Después de las últimas lluvias –pocas pero intensas- el paisaje ha cambiado, y no porque la vegetación hubiera reverdecido, pues estaba tan amarilla como durante el verano, sino porque todo ha quedado como más limpio y luminoso. También, empieza a dominar esa luz del otoño que crea profundidades y distancias, lejos de la planitud y pesadez veraniega.

Los pinares aparecían más lustrosos, seguramente porque el agua había limpiado pinos y escobas del polvo acumulado durante el estío. Algo similar había ocurrido con las encinas y otros árboles. El caso es que el pinar de Antequera y el monte de encinas de Boecillo lucían distintos, más agradables y luminosos. Incluso los caminos se mostraban amorosos, con un firme de arena más dura, aunque sin exagerar.

Hacía tiempo que no rodábamos por el monte de encinas (mejor, de matas de encina) de Boecillo, que posee una red de sinuosos y estrechos senderos que parecen pensados para nuestras bicis y fuerzas. Se extiende por una planicie ligeramente elevada sobre el Duero, lo que en distintos momentos ofrece un estupendo paisaje sobre su valle y poblaciones, hasta las laderas del páramo de Torozos, pues pequeñas asomadas permiten contemplar tal panorama. Lo mismo nos ocurre en el monte Blanco, por cuyos límites cruzamos.

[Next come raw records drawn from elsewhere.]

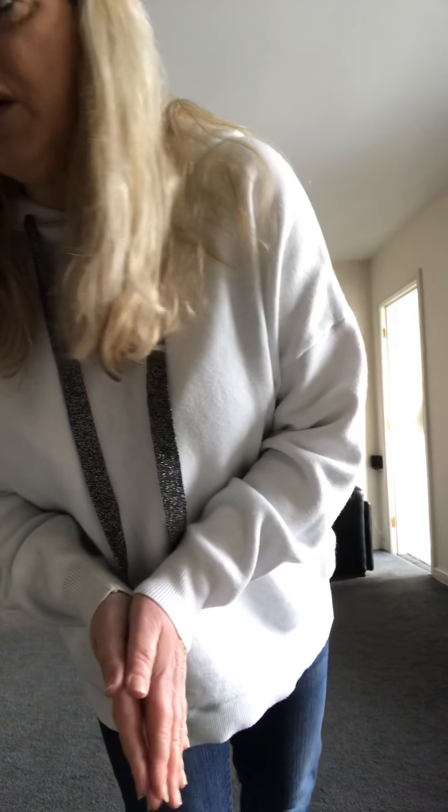Hi everyone, your teach for today is called Crystal Touch. It's a 32-count four-wall low improver level line dance by Claire Bell from the UK and Madison Glover from Australia. Your music is Slow Hand by Mike Ryan, which you can find on Spotify, YouTube, or Alexa.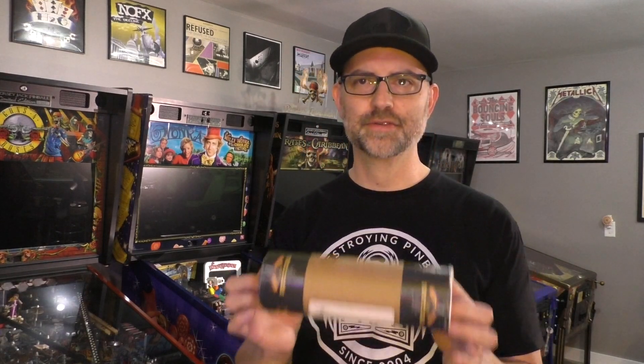What's going on everybody? Kevin with Buffalo Pinball here. I've got an installation video for you today. We're gonna be showing you how to install the Pin Stadium Concert Editions with the Xeno mounts on your Guns N' Roses pinball machine by Jersey Jack Pinball. So let's check it out.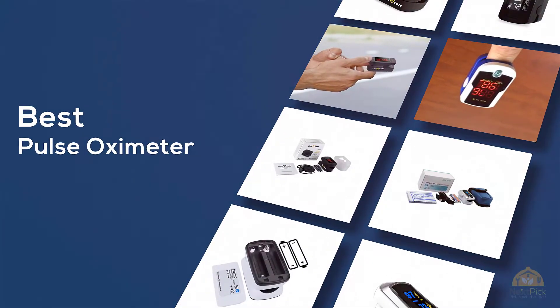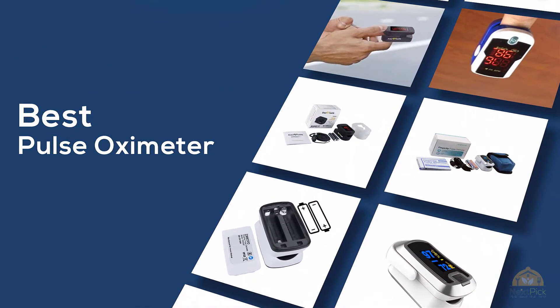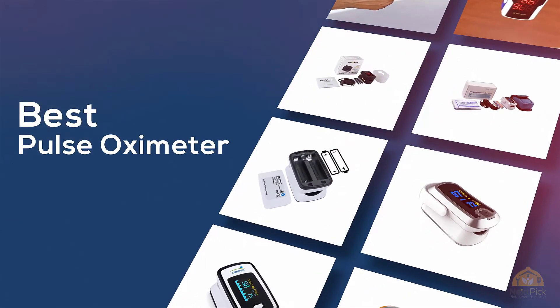If you're looking for the best pulse oximeter, here's a collection that you've got to see! Let's get started! At any time, you can click the circle for more info and real-time deals.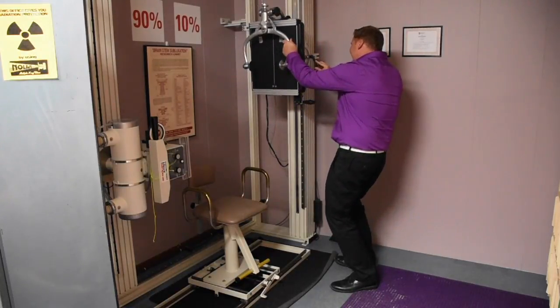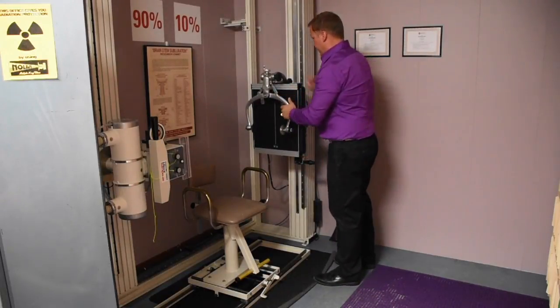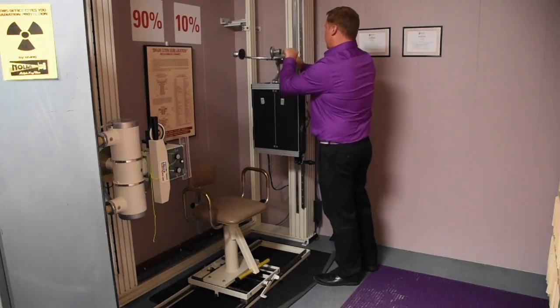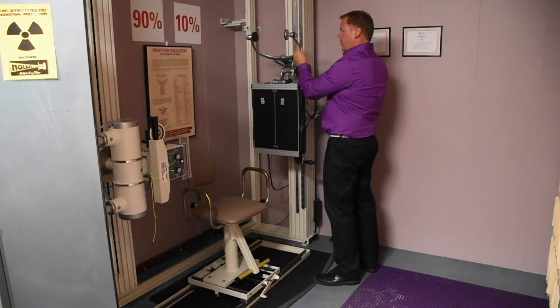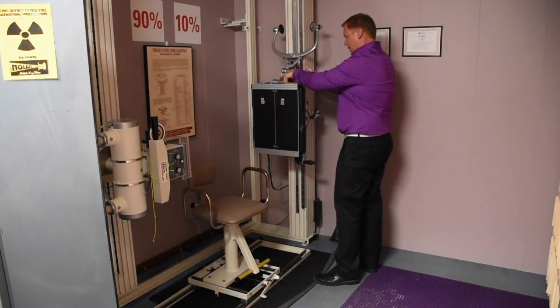We want to put the bucky back at 90 degrees and lock here. Lower this down, then loosen and loosen. As we talked about in the other video, we don't want to leave it like this — we want to leave it slightly backwards. Make sure both are locked.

En medio de la red de sendas y matas, las paredes exteriores de la casa del Monte –dos plantas en ladrillo y adobe- a duras penas se mantienen en pie y sostienen aun el enrejado de ventanas. Esta casa se está arruinando mucho más rápidamente que la de verano de los Escoceses, en otro extremo del mismo monte. Este encinar estuvo, en otras épocas, más habitado. Hoy solo quedan algunas bodegas en la ladera norte y paseantes en los buenos fines de semana…

Al monte de Boecillo llegamos desde Viana y antes habíamos cruzado el pinar de Antequera por la cañada real. Y del monte volvimos al pinar por el Abrojo, donde la maleza quiere tragarse la fuente de San Pedro, de ahí a Laguna y finalmente, acabamos en el mismo pinar de Antequera. Un agradable paseo matutino. Eso sí, del agua no quedaba ni rastro, ni pequeños charcos.